The “Freerouting” autorouter (https://freerouting.org/) is a pretty neat piece of software. It’s not part of the KiCad project and it’s not abandonware. Support seems to come from a commercial provider of multichip module design software, who support and provide Freerouting as part of their design workflow. The algorithms were state of the art at the time it was developed - but that was a long time ago. The needs of the time are not necessarily the needs now, but I’m thinking are still good enough for a lot of designs (or for a class of designs).

I get that people who love routing really love routing. At the edges of the technology you are producing works of art that no auto-router could create, and at the centre are working faster manually than it would take to explain things properly to the autorouter - and I still have to have an intelligent placement to begin with! However, at the other end of the “compexity” spectrum, for a certain class of designs, I think there would be enourmous take-up of an automatic path to layout.

Porting this to the latest Java and doing some minor work on the UI doesn’t count in my book. I found a ‘contact us’ under a generic privacy policy link that was probably the web package front end default and it killed my browser trying to open an infinite number of pages. There is no indication of code development. Core functionality is abandoned as far as I can tell. If you can find a contact that proves different, invite them here. They would be quite welcome. But, as it is, don’t grow to depend on it too much.

Autorouters are useful tools in the hands of experienced people for parts of a design, and after careful component placement and routing of critical parts.

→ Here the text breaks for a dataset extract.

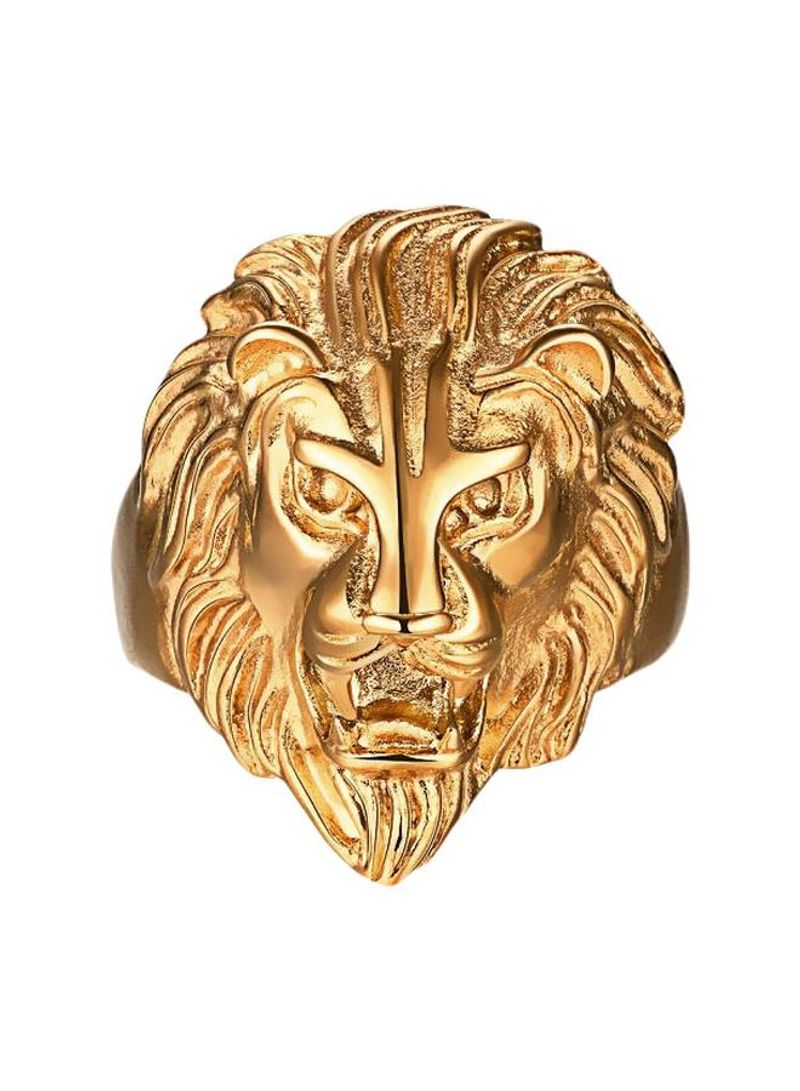 Stainless Steel Lion Head Design Ring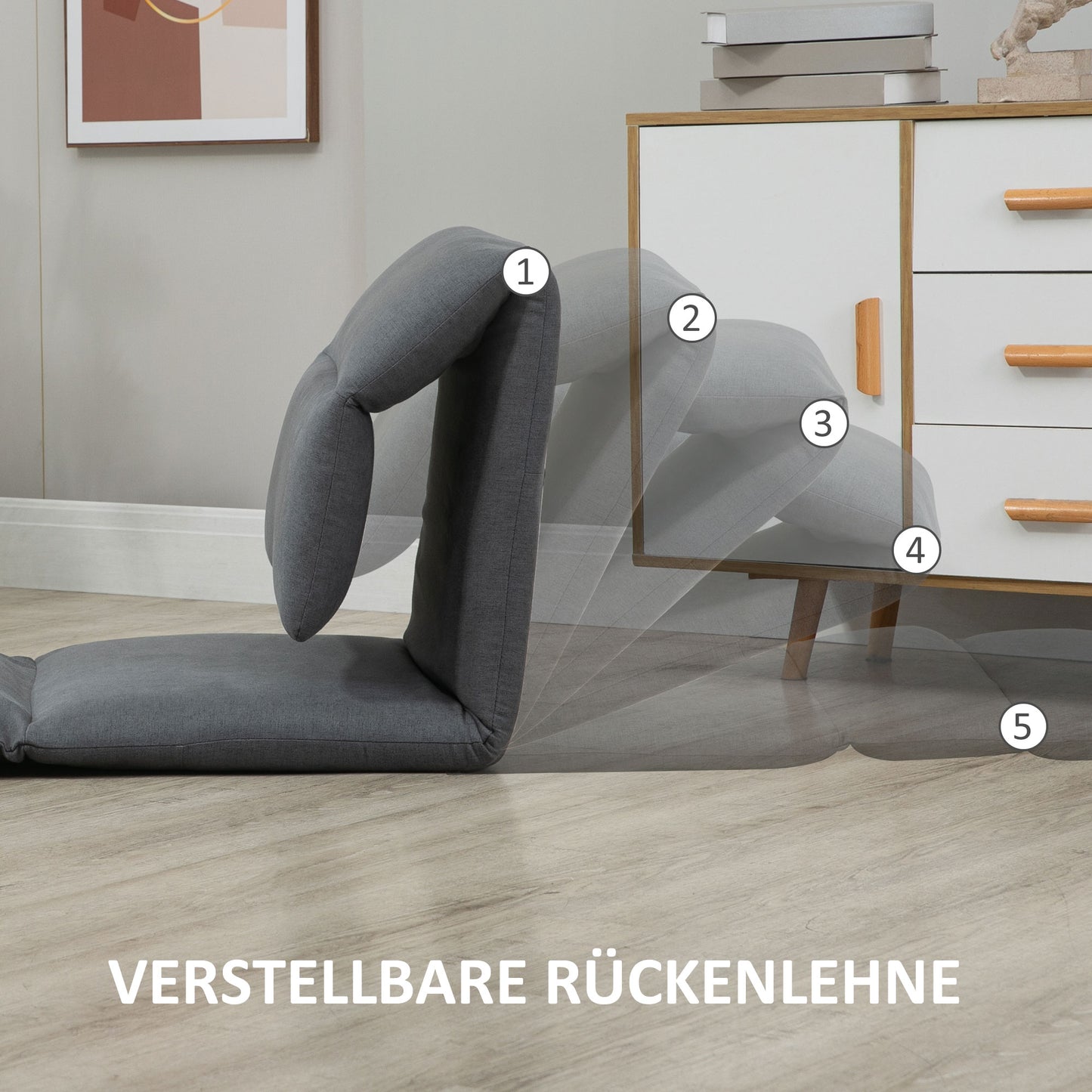 HOMCOM - Bodenstuhl Bodensofa Verstellbarer Relaxsessel Liegefunktion klappbar Dunkelgrau 72x71x60cm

The idea some beginners have of throwing components on a board and then letting the autorouter do the rest is not “good practice”.
It probably works for your first few boards if they’re simple and components are far apart, but it will get you into trouble later when designs get more complicated, components get closer together and frequencies rise or other constraints increas such as combinations of high currents and small signals such as in an audio amplifier.
If you start doing your first designs with freerouter, then you’ve missed the opportunity to learn manual routing and it’s peculiarities on those simple designs and you will just push the learning curve forward and made it steeper, because the end level is just as high. If Linuxdev had routed his board manually then he already would have discovered that his component placement is far from optimal from a routing standpoint.

Manual routing should be learned first to learn what the constraints are for PCB design, and once that is learned autorouters can be used to reduce the amount of time needed to do the PCB routing.

My own boards are too simple for an autorouter to be of much use, and using an external program is therefore too much of a bother to even try it. On top of that there is the excellent interactive router in KiCad which makes it very easy to push tracks aside to make room for just one more track or via. With the interactive router I can make boards smaller than I otherwise would have dared to even try, but when component placement gets more compact, less room is left for tracks, which increases the time needed to do the routing.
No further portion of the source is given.